A Classic Audio Amplifier

I have always wanted to design a "classic" audio amplifier. One that is "no compromise", meaning that it has everything it needs, and nothing it doesn't. Due to cost or time constraints, I have designed amplifiers in the past that have been sub-optimal. I remember one in particular: It was a studio amplifier for a radio station. It was about 20 watts, and used the usual differential input, a voltage amplifier, and a current amplifier output stage.

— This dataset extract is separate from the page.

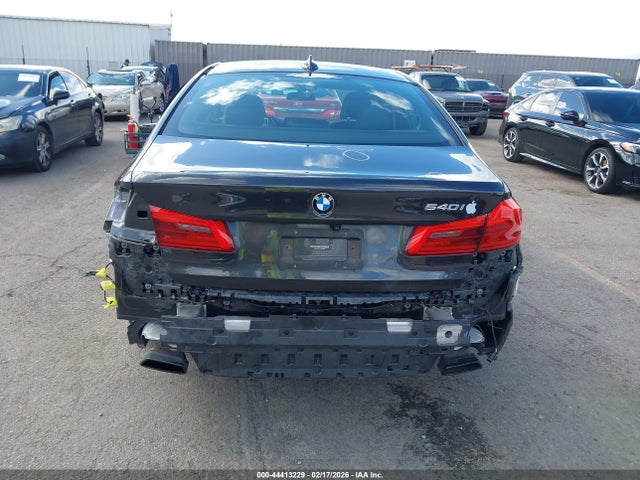 WBAJE5C55JWA95695 BMW 540I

But, it was the simplest thing that could possibly work -- there were compromises.
  • The diff amp used a simple resistor current source, and it had a simple resistor output stage. 
  • The voltage amplifier was connected to the diff amp's non-inverting output; the inverting output was ignored (a common practice).
  • The voltage amplifier used a resistor as the current source; it did not have an active current source, or a "bootstrap" to regulate the current.
  • The voltage amplifier also did not have a Cdom capacitor to establish a dominant HF pole (for feedback stability).
  • The output stage used a couple of internally connected Darlington transistors instead of discrete parts for the emitter follower output.
Despite all this, the amplifier had very low distortion numbers, it sounded fantastic, and it was unconditionally stable. All in all, it was a very successful amplifier. Still, I always wanted to revisit that design, and add the missing elements:
  • Add a current source to the diff amp. 
  • Add a current mirror to the diff amp (to use the output from both transistors in the long-tailed pair).
  • Add a current source to the voltage amp. I prefer a current source over bootstrapping, although I have seen some very good amplifiers use bootstrapping. I just think a current source may be more reliable and less dodgy to analyze.
  • Add Cdom to the voltage amp, to establish a dominant HF pole to design around, and set predictable phase margins for feedback.
  • Use Sziklai configuration for the current output stage, using discrete parts. 
There are many advantages to the Sziklai configuration that I had not been aware of until I started studying it  recently. One of the huge advantages is that the final output device is inside the feedback loop of the driver (pseudo-emitter follower). In other words, the driver behaves like an emitter-follower, but the output device does all the heavy lifting. This means when the gain increases on the final device due to high temperature, it doesn't cause thermal runaway. The bias network doesn't have to track the final BE drop; only the driver BE drop. Since the driver doesn't heat up nearly as much as the final, bias compensation is much simpler, and almost unconditionally stable. I have an idea for a unique way to track temperature that would be very easy to implement.

The Sziklai configuration does have the potential to oscillate, whereas a Darlington emitter follower doesn't, but that is fairly easy to control, and the thermal stability advantage seems to more than make up for it.

I will be blogging the development of a 40 ~ 60 watt design in the upcoming weeks and months. I'll post a preliminary schematic soon.